Start of DATA FOR THIS EXERCISE

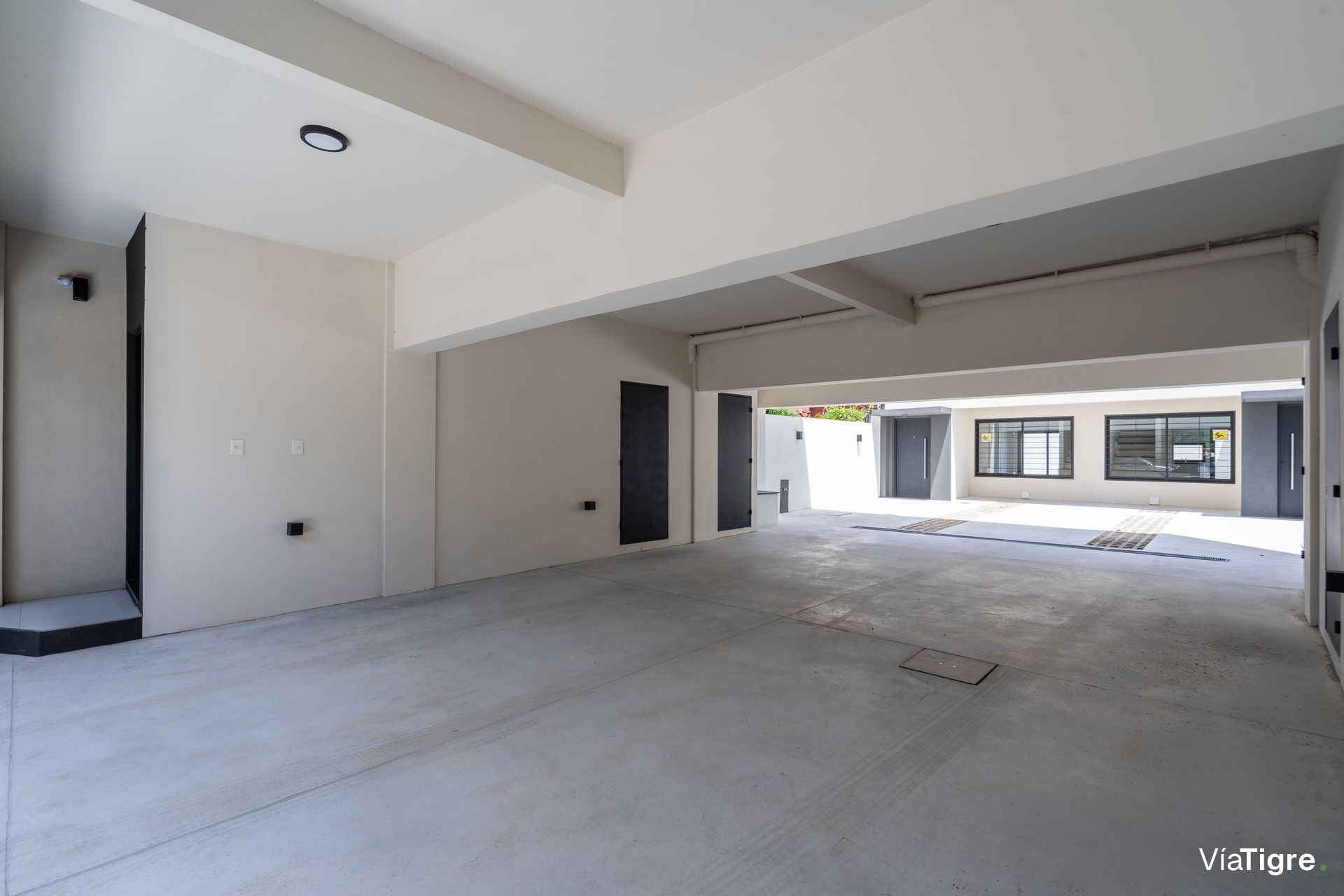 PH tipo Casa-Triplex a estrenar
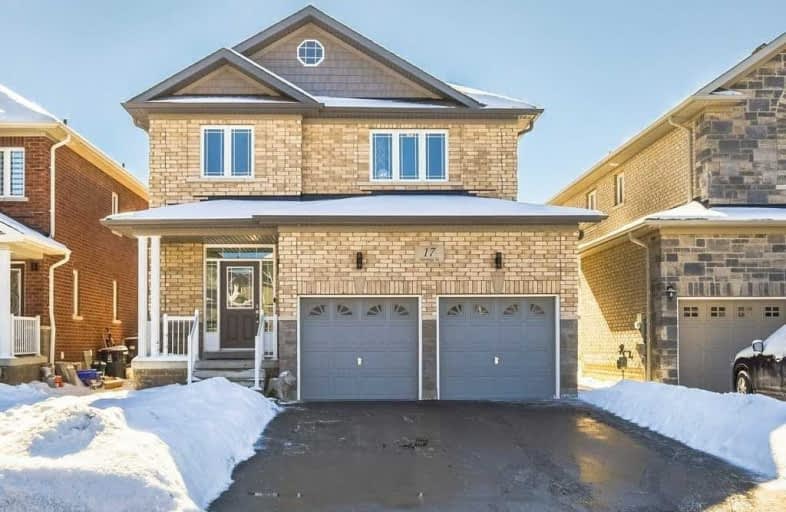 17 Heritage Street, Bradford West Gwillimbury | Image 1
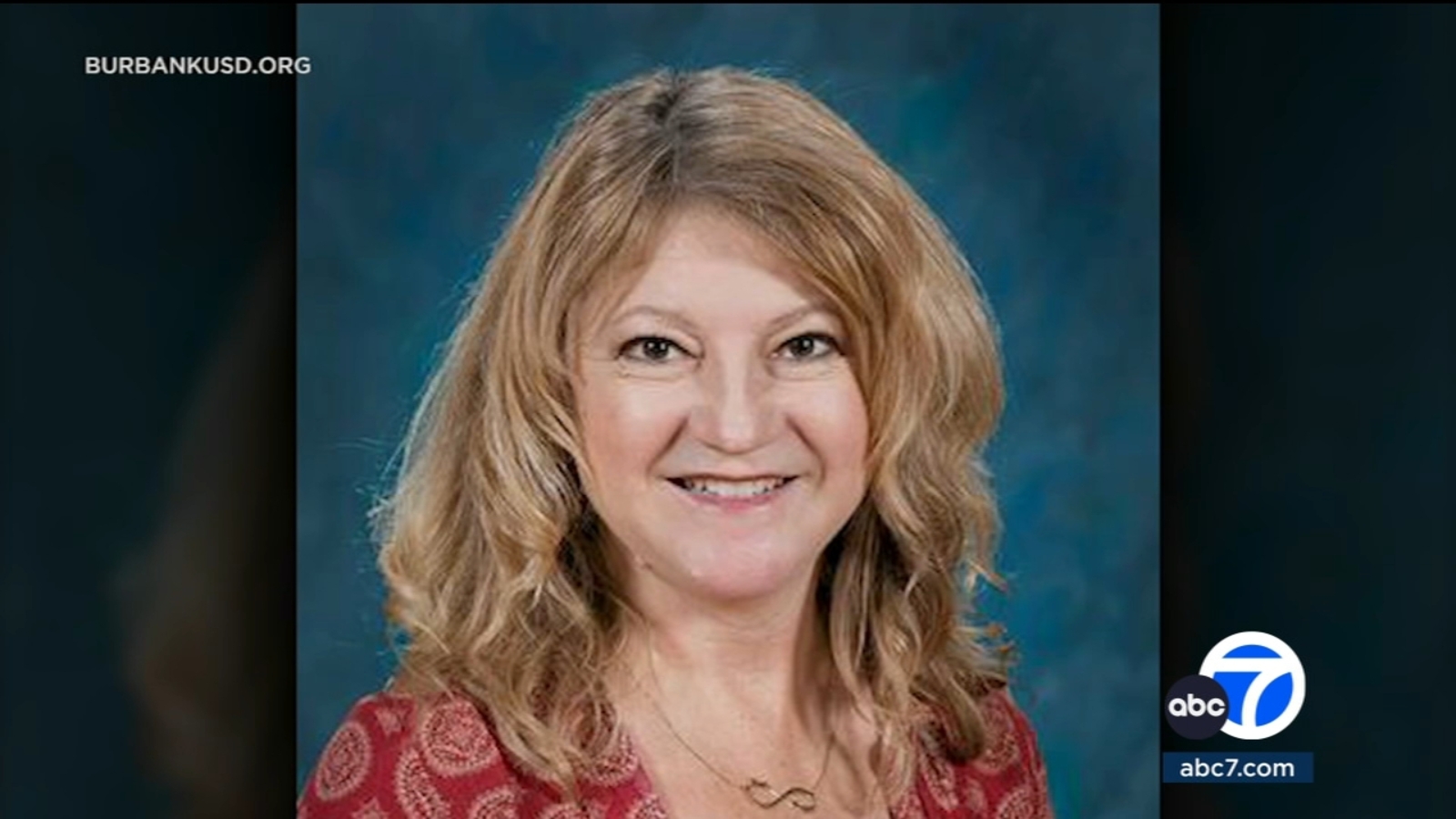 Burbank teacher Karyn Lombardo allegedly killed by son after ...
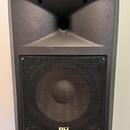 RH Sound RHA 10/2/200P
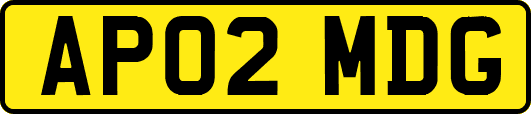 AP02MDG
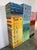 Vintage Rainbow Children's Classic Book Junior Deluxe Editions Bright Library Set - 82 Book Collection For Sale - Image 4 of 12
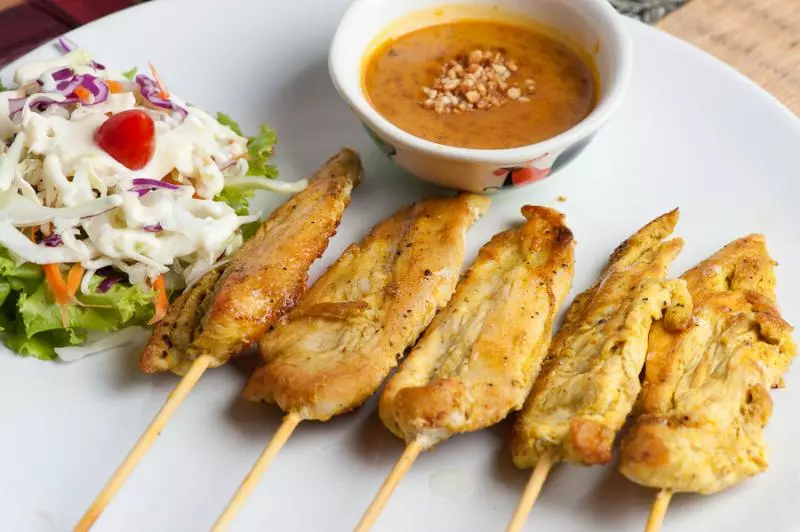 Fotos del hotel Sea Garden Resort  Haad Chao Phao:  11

End of DATA FOR THIS EXERCISE

TASK DIRECTIONS. Copy every entry word for word, but omit the pictures.

REPLY TO THE TASK.
 PH tipo Casa-Triplex a estrenar
 17 Heritage Street, Bradford West Gwillimbury | Image 1
 Burbank teacher Karyn Lombardo allegedly killed by son after ...
 RH Sound RHA 10/2/200P
 AP02MDG
 Vintage Rainbow Children's Classic Book Junior Deluxe Editions Bright Library Set - 82 Book Collection For Sale - Image 4 of 12
 Fotos del hotel Sea Garden Resort  Haad Chao Phao:  11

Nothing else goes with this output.